Been thinking about a cleanout panel on my chute, just like you're saying. Leylands like to get clogged in mine worse than anything else, we keep a close eye on the discharge and keep a jameson with an old blade on it handy, especially when chipping wet pine or leyland cypress. PITA. 

My bolt pockets look a lot like yours in the pics, interested to hear what the consensus is.


----------



## superjunior (Mar 1, 2012)

Bowhunter01 said:


> Been thinking about a cleanout panel on my chute, just like you're saying. Leylands like to get clogged in mine worse than anything else, we keep a close eye on the discharge and keep a jameson with an old blade on it handy, especially when chipping wet pine or leyland cypress. PITA.
> 
> My bolt pockets look a lot like yours in the pics, interested to hear what the consensus is.

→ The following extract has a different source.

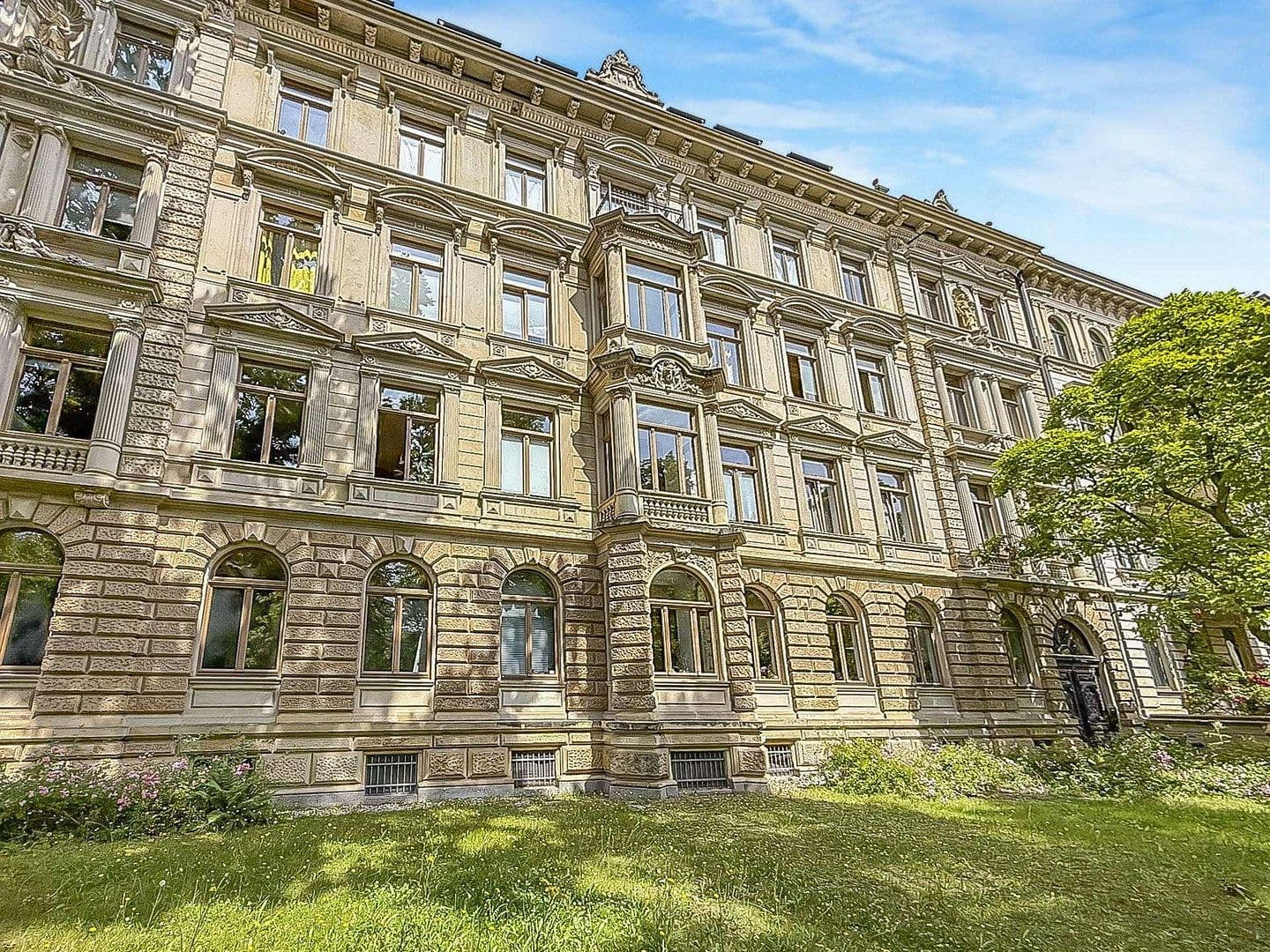Prenájom bytu 3-izbový 84 m², Ferdinand-Lassalle-Str. 11, Leipzig, Sasko Prenájom bytu 3-izbový 84 m², Ferdinand-Lassalle-Str. 11, Leipzig, Sasko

We used to use a jameson too but what works really good is an old garden hoe, just about perfect size for shoving in a chipper chute and freeing up clogs.


----------



## dbl612 (Mar 1, 2012)

Bowhunter01 said:


> Been thinking about a cleanout panel on my chute, just like you're saying. Leylands like to get clogged in mine worse than anything else, we keep a close eye on the discharge and keep a jameson with an old blade on it handy, especially when chipping wet pine or leyland cypress. PITA.
> 
> My bolt pockets look a lot like yours in the pics, interested to hear what the consensus is.

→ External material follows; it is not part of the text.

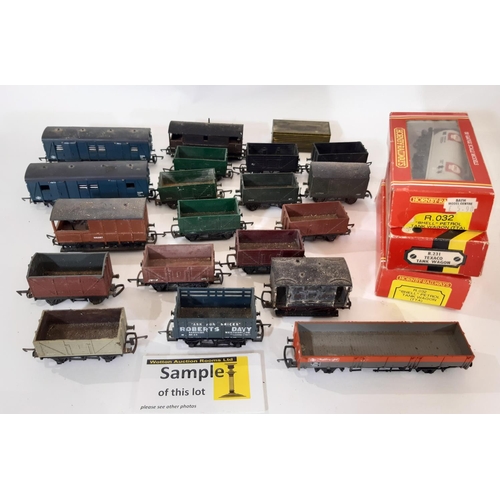 874 - Hornby 'Industrial Freight' electric train set (unchecked) together with a Peco Starter Track Set an...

the type 309 stainless will have no problem fusing to the disk, (a36 steel) grind surface well in weld area and use tri-mix gas mixture. while stainless is tough to drill, it is not very abrasion resistant however. i would not reccomend welding the worn areas without post-weld balancing. the wear is probably quite uniform on opposing knife pockets, so item is still in balance. no need to screw up bearings with and out of balance wheel. regards, tom.


----------



## tree MDS (Mar 1, 2012)

Gonna check my 250 out when I get down to the shop. I've got something like 2150 hours on mine. I think I would have noticed anything like what you got going on there, but ya got me worried now! Lol.


----------



## 2treeornot2tree (Mar 1, 2012)

My '85 morbark 200 has 2600 hrs on it and no noticable wear on the disc.


----------



## tree MDS (Mar 1, 2012)

2treeornot2tree said:


> My '85 morbark 200 has 2600 hrs on it and no noticable wear on the disc.

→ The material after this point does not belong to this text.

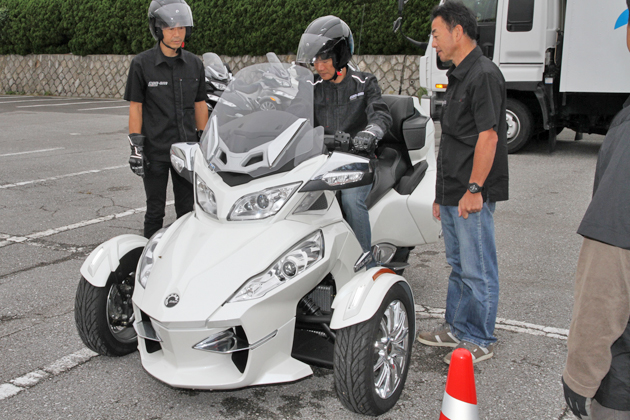 BRPジャパン 「Can-Am Spyder ロードスター」と自動車評論家 岡本幸一郎氏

That's probably because grass trimmings make for easy chipping! 

Sorry, couldn't resist..


----------



## 2treeornot2tree (Mar 1, 2012)

I can sure get alot on the truck in one load. Sure beats your steiner!


----------



## Eq Broker (Mar 1, 2012)

*More chipper stuff*

Husabud is correct about building back up the area that's disappearing. If you're going to rebuild this area, test the chipper before putting it back in to service. Simply start and engage the clutch and take it up to full speed (don't put any wood through the chipper). If the chipper starts to jump up and down, you are out of balance. All drums and discs are balanced by the manufacturers before being sold. The disc could be pulled and sent back to Bandit for repair. It does take a large industrial type machine to spin balance a drum or disc. Oh yeah, I would remove the knives before testing the balance of the disc. Also, check the fan paddles for cracking in the bends as they have a tendency to crack from the flexing.

Hope this helps!

Eq Broker


----------



## tree MDS (Mar 1, 2012)

Eq Broker said:


> Husabud is correct about building back up the area that's disappearing. If you're going to rebuild this area, test the chipper before putting it back in to service. Simply start and engage the clutch and take it up to full speed (don't put any wood through the chipper). If the chipper starts to jump up and down, you are out of balance. All drums and discs are balanced by the manufacturers before being sold. The disc could be pulled and sent back to Bandit for repair. It does take a large industrial type machine to spin balance a drum or disc. Oh yeah, I would remove the knives before testing the balance of the disc. Also, check the fan paddles for cracking in the bends as they have a tendency to crack from the flexing.
> 
> Hope this helps!
> 
> Eq Broker



You're sure bandit will repair a disk? 

Just checked mine (2150 hrs) and it's worn quite a bit more than the original poster's. Ouch. 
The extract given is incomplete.